Top public schools claim state staff fail to inspire
Top independent school heads have damned the state sector for producing teachers who have "formulaic" classroom methods and are uncomfortable teaching "off piste".
The state system produces teachers obsessed with targets and Ofsted ratings who struggle to go beyond the syllabus to bring imagination and creativity to lessons, they warned.
The comments came with the publication of a report examining how the curriculum and assessment are affecting education in independent schools. The study, commissioned by the Headmasters' and Headmistresses' Conference (HMC), also expressed concern that state school teachers moving to the private sector were "less keen" on leading extra curricular activities, particularly sport at the weekend.

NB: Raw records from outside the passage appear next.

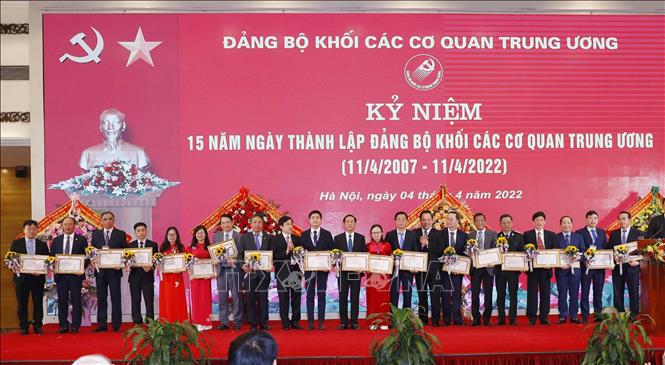 Các tập thể có thành tích xuất sắc nhận Bằng khen của Đảng uỷ Khối các cơ quan Trung ương. Ảnh: Phương Hoa - TTXVN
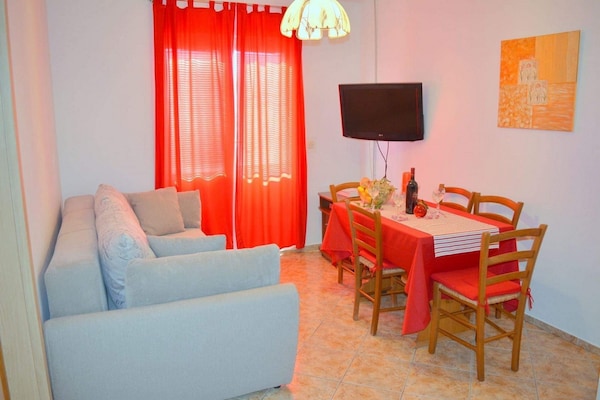 Tweeslaapkamerappartement met terras en balkon in Vodice, 400m van het strand - thumbnail 2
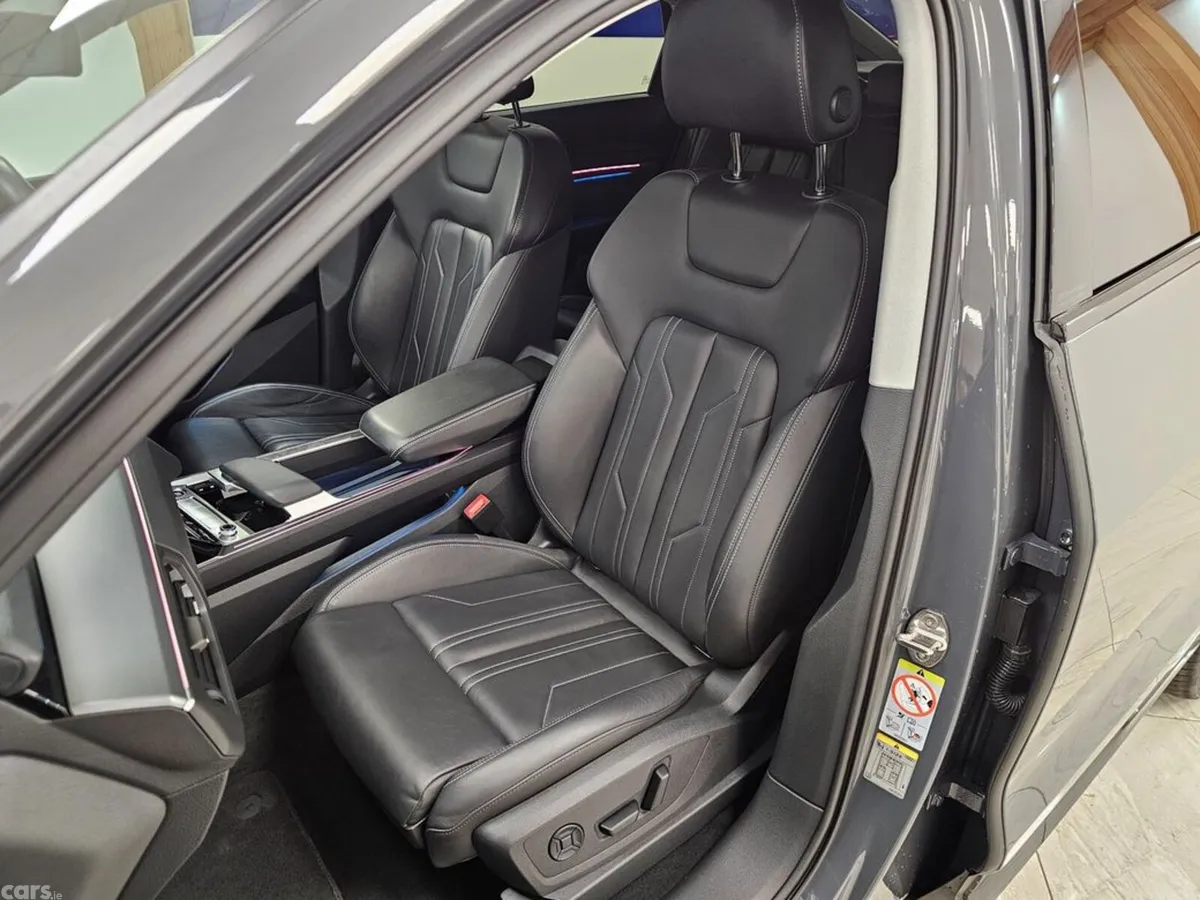 Audi Q8 e-tron Hatchback, Electric, 2024, Grey
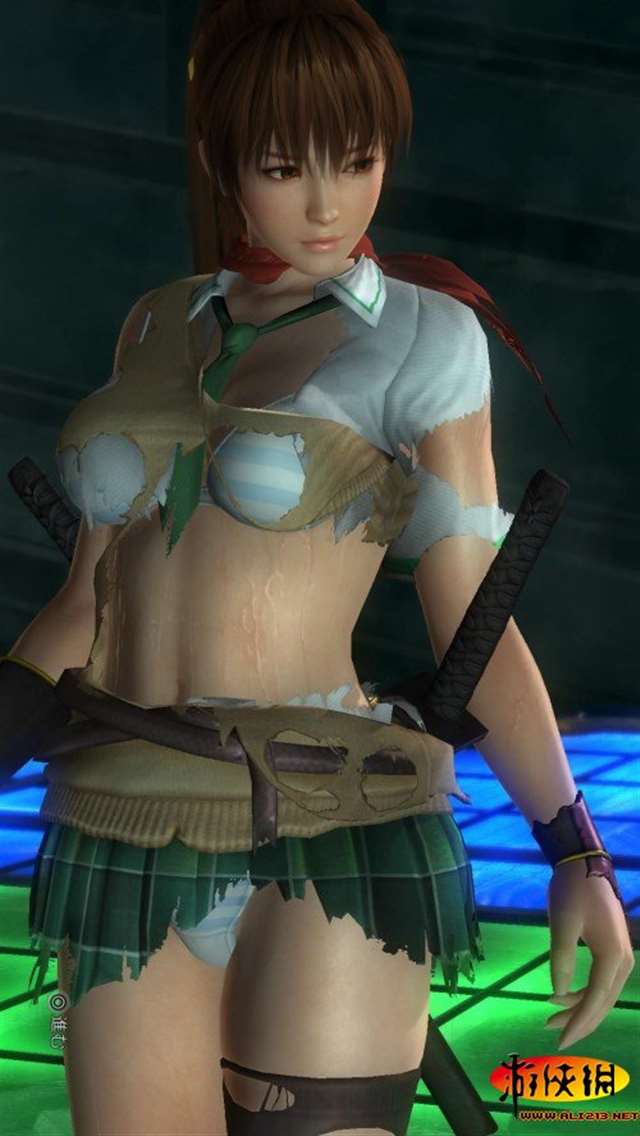 《死或生5:最后一战》福利爆衣前后对比公开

Bernard Trafford, headmaster of Newcastle Royal Grammar School and a former chairman of the HMC, said young teachers were generally highly technically proficient. He said: "This system has delivered on their set targets, but it's the kiss of death for imaginative teaching," he said.
"When new teachers come here, they sometimes need the permission that it's ok to teach off-piste."
John Bangs, visiting professor at London University's Institute of Education, said: "There is a nostalgia for a magic past, like in Dead Poets Society, when teachers were free to go off-piste, but those sort of teachers were the exceptions to prove the rule and there was great inequality of teaching."